### What the task requires
Your task is to output the listing exactly, leaving every image out.

### Dataset extract
____

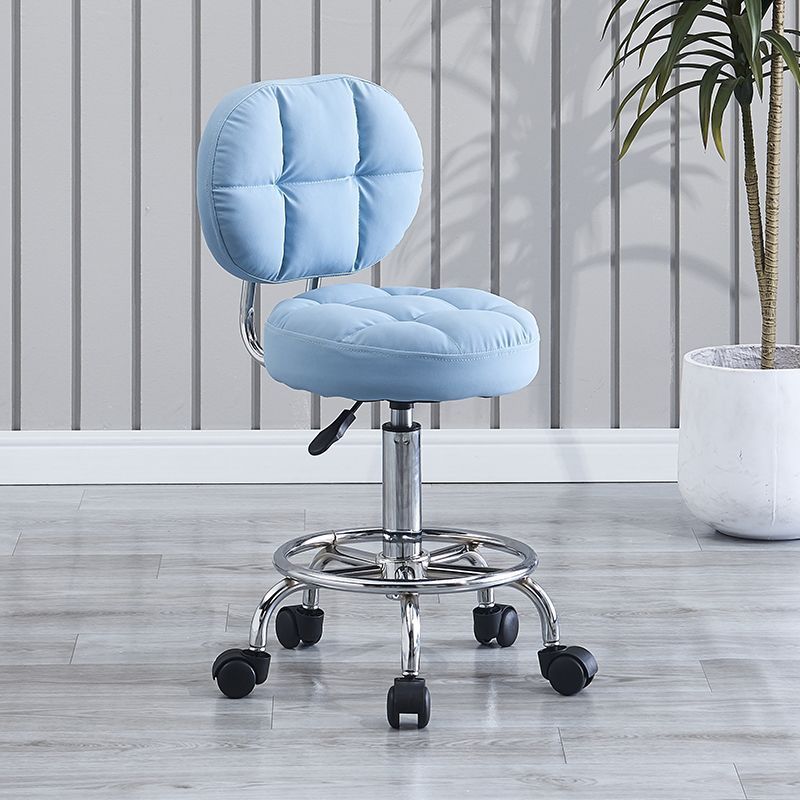 Contemporary Round Tech Fabric Swivel Bar Stool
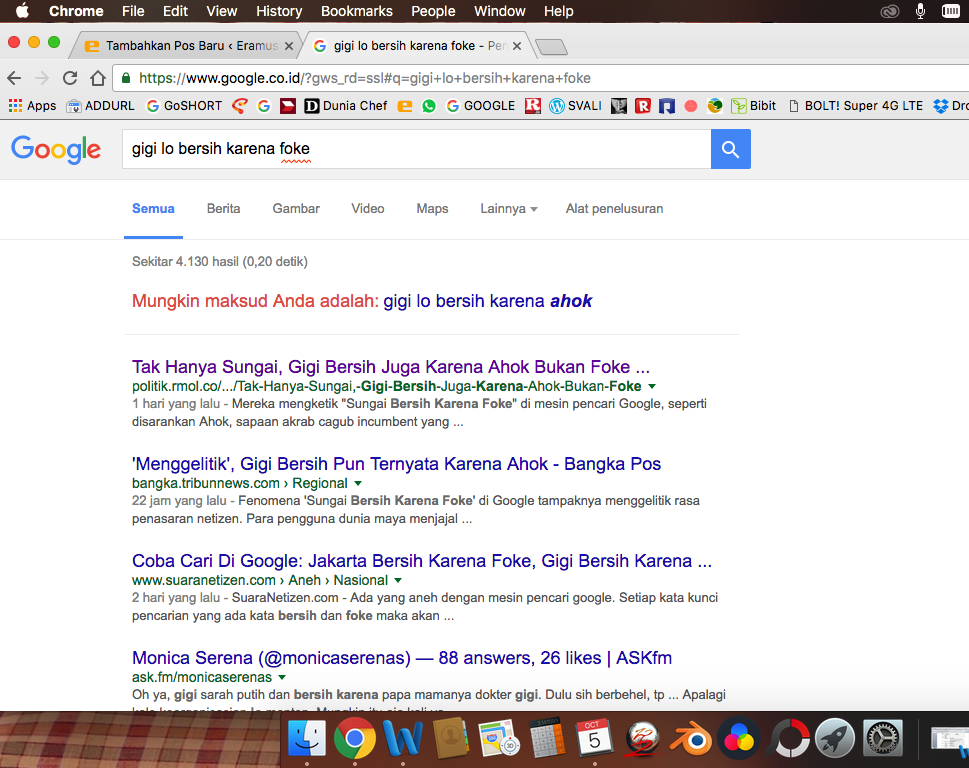 Tak Hanya Sungai, Gigi Lo Bersih Juga Karena Ahok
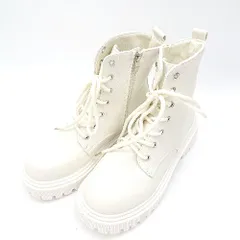 ■ Θ Lace Ladies レースレディース 厚底 レースアップ ショート ブーツ サイズ38 オフホワイト レディース E  【1503060029756】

____

### Solution
 Contemporary Round Tech Fabric Swivel Bar Stool
 Tak Hanya Sungai, Gigi Lo Bersih Juga Karena Ahok
 ■ Θ Lace Ladies レースレディース 厚底 レースアップ ショート ブーツ サイズ38 オフホワイト レディース E  【1503060029756】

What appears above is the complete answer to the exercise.